Habertürk
    Takipde Kalın!
      Günlük gelişmeleri takip edebilmek için habertürk uygulamasını indirin

        TÜRKİYE’nin dünyanın gidişatının aksi yönünde ilerlediği dönemler vardır. Sonunda her şey olması gerektiği gibi evrensel standartlara bir şekilde ulaşır, ama o zamana kadar kaybedilen de vakit olur.

        İşte UBER yasağı bu. Artık bir ulaşım gerçeği olmasına rağmen hâlâ yasaklamaya çalışarak vakit kaybediyoruz. Hepimiz biliyoruz ki sonunda kısa sürede alıştığımız bu rahatlık kalıcı olacak.

        90’larda özel radyoların yasaklanması da böyleydi. Sistem o zaman da dünyanın gidişatını anlamıyor, eski ezberlerle direniyordu. Yakın tarihin en geniş katılımlı kampanyasıyla halk radyosuna sahip çıkmış, Tansu Çiller’in seçilmesinde “Ben de radyomu istiyorum” demesinin etkisi olmuştu.
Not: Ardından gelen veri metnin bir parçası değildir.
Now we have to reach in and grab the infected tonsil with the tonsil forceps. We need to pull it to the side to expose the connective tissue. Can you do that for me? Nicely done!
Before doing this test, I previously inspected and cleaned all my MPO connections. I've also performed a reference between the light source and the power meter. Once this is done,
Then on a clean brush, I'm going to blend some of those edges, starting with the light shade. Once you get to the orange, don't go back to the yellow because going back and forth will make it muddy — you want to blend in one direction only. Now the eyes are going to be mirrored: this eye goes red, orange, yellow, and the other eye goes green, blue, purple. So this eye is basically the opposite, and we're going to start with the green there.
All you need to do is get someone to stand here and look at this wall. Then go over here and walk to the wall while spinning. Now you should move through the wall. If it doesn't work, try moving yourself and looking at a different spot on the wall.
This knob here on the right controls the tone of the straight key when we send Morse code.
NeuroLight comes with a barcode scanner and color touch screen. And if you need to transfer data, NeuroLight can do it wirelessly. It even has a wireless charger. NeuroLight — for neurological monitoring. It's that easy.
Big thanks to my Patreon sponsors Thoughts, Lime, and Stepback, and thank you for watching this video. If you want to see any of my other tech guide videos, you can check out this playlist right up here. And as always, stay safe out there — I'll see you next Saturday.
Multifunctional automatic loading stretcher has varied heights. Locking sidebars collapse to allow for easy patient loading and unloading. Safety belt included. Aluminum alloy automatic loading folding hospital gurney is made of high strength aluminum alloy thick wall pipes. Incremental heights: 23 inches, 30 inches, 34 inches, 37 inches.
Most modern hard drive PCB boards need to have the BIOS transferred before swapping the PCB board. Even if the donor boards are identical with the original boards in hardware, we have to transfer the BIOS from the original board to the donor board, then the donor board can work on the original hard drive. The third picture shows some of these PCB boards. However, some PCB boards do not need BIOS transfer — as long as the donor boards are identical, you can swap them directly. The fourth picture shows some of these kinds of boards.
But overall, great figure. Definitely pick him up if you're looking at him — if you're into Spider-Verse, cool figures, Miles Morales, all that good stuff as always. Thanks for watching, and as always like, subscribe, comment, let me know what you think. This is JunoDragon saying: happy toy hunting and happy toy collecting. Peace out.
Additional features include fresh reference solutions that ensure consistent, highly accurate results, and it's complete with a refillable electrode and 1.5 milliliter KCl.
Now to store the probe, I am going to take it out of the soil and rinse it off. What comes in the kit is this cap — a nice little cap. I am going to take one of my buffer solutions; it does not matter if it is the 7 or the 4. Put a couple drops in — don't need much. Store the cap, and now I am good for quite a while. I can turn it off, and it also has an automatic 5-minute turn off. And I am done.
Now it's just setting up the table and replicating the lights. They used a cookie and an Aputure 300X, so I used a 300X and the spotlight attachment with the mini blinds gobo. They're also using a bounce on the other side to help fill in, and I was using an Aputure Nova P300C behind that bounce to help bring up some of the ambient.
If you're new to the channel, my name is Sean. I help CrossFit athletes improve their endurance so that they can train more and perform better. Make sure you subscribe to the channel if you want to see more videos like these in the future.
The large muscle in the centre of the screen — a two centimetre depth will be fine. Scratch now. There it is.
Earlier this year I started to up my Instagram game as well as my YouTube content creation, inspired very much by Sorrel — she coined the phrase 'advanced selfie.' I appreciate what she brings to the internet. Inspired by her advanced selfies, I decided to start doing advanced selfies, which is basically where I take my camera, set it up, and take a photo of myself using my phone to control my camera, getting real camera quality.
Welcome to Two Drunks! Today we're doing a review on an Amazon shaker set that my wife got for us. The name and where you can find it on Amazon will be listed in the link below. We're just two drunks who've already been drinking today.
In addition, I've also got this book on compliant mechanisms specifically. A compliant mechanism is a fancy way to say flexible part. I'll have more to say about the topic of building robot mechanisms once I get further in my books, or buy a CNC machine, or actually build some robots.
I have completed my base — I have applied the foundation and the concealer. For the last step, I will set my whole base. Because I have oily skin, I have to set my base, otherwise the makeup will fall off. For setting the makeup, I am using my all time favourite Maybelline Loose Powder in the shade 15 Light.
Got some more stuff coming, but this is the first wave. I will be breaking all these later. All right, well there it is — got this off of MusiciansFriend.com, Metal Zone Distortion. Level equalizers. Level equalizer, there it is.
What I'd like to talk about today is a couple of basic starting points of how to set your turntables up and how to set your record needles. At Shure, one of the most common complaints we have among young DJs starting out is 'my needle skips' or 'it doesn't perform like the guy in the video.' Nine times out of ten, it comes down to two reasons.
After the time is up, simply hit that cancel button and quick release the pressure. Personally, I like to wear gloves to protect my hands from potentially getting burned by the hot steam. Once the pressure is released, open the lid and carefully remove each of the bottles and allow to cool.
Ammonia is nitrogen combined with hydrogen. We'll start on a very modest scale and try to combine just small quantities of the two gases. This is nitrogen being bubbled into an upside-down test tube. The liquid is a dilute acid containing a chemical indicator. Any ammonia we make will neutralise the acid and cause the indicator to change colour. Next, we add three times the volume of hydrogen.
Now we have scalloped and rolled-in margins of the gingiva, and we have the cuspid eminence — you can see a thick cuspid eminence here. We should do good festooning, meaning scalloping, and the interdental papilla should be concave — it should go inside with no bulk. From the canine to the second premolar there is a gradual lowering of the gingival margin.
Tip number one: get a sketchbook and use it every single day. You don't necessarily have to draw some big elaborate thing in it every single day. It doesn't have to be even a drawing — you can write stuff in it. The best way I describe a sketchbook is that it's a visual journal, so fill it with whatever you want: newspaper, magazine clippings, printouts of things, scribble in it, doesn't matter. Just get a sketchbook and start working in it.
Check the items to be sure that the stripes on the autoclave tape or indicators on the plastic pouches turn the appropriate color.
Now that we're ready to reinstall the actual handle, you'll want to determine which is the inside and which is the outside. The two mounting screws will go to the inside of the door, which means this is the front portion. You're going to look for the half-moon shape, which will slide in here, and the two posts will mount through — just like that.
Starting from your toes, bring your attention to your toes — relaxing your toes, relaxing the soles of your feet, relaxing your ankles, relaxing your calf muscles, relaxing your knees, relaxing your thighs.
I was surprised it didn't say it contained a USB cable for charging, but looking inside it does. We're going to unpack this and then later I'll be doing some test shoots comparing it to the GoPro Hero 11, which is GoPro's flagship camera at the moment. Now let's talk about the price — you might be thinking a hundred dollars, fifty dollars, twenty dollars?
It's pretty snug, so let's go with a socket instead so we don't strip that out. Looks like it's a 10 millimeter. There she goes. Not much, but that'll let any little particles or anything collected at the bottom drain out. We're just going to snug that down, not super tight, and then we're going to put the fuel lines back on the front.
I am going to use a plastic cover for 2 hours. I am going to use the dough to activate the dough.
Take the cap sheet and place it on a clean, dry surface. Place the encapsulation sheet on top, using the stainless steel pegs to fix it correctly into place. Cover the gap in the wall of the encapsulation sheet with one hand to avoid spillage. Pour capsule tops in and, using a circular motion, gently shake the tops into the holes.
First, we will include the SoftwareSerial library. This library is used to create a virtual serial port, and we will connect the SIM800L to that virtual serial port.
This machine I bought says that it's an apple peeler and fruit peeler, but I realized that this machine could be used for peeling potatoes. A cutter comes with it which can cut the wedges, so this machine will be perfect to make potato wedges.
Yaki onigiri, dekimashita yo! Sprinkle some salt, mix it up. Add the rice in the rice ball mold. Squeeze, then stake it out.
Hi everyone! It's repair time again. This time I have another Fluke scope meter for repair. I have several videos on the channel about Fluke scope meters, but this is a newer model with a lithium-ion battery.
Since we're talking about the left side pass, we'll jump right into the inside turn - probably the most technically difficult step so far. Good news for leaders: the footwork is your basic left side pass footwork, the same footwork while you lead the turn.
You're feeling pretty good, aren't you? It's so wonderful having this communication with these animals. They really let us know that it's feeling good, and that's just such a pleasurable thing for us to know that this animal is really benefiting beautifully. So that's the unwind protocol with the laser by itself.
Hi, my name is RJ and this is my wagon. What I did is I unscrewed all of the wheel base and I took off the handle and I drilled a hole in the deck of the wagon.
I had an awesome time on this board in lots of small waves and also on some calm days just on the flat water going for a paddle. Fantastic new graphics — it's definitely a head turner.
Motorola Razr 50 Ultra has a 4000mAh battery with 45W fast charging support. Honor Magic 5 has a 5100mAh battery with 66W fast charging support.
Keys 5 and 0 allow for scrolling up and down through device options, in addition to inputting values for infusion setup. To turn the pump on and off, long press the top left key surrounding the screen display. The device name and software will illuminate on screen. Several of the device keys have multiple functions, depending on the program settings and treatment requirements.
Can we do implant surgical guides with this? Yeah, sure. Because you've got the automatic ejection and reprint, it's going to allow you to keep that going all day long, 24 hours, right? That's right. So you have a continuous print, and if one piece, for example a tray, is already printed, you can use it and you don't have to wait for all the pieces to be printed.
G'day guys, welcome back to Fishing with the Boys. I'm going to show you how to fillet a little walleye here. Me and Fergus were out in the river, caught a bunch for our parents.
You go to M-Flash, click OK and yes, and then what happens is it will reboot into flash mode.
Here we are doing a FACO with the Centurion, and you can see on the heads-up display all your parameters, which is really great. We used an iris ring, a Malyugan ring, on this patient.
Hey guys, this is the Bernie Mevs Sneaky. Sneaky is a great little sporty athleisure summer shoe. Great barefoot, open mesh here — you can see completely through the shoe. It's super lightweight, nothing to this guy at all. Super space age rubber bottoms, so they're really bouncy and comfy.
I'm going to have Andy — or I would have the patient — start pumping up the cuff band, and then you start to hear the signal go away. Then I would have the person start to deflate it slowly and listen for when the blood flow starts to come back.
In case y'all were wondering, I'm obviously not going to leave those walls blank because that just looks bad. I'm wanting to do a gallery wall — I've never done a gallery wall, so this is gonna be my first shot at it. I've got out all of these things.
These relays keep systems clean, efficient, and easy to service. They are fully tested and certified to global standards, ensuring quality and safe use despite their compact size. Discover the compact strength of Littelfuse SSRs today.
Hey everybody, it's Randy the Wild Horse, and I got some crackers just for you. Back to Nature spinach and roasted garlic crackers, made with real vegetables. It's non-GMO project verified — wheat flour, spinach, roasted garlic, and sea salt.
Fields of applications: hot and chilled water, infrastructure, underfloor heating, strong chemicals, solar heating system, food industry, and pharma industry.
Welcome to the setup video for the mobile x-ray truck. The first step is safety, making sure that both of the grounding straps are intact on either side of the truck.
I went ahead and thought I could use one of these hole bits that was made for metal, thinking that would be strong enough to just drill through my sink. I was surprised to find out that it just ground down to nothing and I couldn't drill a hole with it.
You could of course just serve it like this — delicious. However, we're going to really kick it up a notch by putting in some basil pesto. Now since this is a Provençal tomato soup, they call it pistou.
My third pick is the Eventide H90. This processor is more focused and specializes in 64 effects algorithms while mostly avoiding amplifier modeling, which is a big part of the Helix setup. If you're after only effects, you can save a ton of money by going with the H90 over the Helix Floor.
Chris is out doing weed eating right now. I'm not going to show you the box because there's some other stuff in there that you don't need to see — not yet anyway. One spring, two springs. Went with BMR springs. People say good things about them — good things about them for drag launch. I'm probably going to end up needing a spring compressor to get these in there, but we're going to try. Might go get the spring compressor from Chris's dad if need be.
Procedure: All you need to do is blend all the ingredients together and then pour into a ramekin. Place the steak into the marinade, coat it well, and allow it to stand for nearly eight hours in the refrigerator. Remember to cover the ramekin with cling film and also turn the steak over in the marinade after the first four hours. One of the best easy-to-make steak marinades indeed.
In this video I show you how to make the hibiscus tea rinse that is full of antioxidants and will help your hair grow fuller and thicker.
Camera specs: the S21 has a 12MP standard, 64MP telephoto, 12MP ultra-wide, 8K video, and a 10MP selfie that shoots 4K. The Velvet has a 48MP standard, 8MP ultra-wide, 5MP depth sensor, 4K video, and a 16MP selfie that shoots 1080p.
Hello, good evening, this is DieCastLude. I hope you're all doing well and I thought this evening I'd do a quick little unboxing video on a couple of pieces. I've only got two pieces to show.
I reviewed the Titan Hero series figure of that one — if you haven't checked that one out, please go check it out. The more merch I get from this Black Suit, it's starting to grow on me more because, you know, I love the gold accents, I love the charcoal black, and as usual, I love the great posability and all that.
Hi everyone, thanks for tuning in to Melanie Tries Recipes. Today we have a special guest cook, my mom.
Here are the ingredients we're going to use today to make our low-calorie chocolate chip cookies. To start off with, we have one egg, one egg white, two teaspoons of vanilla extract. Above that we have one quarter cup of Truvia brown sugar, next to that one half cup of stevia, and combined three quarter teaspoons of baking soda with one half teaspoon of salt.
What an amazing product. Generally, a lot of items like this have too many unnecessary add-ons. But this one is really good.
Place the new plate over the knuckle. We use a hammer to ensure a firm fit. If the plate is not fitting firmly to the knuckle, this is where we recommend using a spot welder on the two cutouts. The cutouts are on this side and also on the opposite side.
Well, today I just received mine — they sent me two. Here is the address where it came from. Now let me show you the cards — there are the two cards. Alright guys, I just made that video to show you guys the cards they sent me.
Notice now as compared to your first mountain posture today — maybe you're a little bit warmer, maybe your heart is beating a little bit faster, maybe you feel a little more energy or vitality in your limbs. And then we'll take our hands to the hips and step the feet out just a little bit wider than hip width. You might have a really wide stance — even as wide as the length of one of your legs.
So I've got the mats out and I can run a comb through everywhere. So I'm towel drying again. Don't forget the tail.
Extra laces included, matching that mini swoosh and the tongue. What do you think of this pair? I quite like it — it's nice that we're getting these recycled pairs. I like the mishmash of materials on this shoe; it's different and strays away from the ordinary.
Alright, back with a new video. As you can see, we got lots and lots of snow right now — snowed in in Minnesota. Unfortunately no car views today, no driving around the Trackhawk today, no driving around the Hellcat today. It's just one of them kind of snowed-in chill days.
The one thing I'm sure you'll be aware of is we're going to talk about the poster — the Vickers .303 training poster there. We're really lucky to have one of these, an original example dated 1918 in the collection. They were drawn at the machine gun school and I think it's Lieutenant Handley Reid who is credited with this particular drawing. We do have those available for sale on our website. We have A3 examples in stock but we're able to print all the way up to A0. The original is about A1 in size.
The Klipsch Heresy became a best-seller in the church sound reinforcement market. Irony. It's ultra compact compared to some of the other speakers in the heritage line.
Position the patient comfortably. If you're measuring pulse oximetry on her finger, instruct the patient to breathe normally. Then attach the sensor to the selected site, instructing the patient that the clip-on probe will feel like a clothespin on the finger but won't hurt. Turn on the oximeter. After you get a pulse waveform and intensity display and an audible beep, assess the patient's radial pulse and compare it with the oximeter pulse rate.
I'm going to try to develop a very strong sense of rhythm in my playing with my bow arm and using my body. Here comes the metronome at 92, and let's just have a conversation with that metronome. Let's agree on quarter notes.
Dünyaya açılan, Avrupa Birliği hayallerinin doruk noktaya çıktığı bir ülkede başka bir senaryo da düşünülemezdi zaten.

        Kısa sürede özel radyolar gibi alternatif taşımacılık da bir standarda kavuşacaktır.

        HERKES ŞİKÂYETÇİ

        Siyasi görüşü fark etmeksizin herhalde toplumun memnuniyetsizlik konusunda en fazla uzlaştığı hizmet taksicilik olmalı. Bugüne kadar taksilerin verdiği hizmetten memnun olan tek bir kişiyi görmedim, görmem de olanaksız. Kaldı ki hemen her gün taksicilerin bir suç şebekesi misali yaptıkları eylemleri görünce toplumsal huzurumuz için bunun bir zorunluluk olduğu da anlaşılıyor.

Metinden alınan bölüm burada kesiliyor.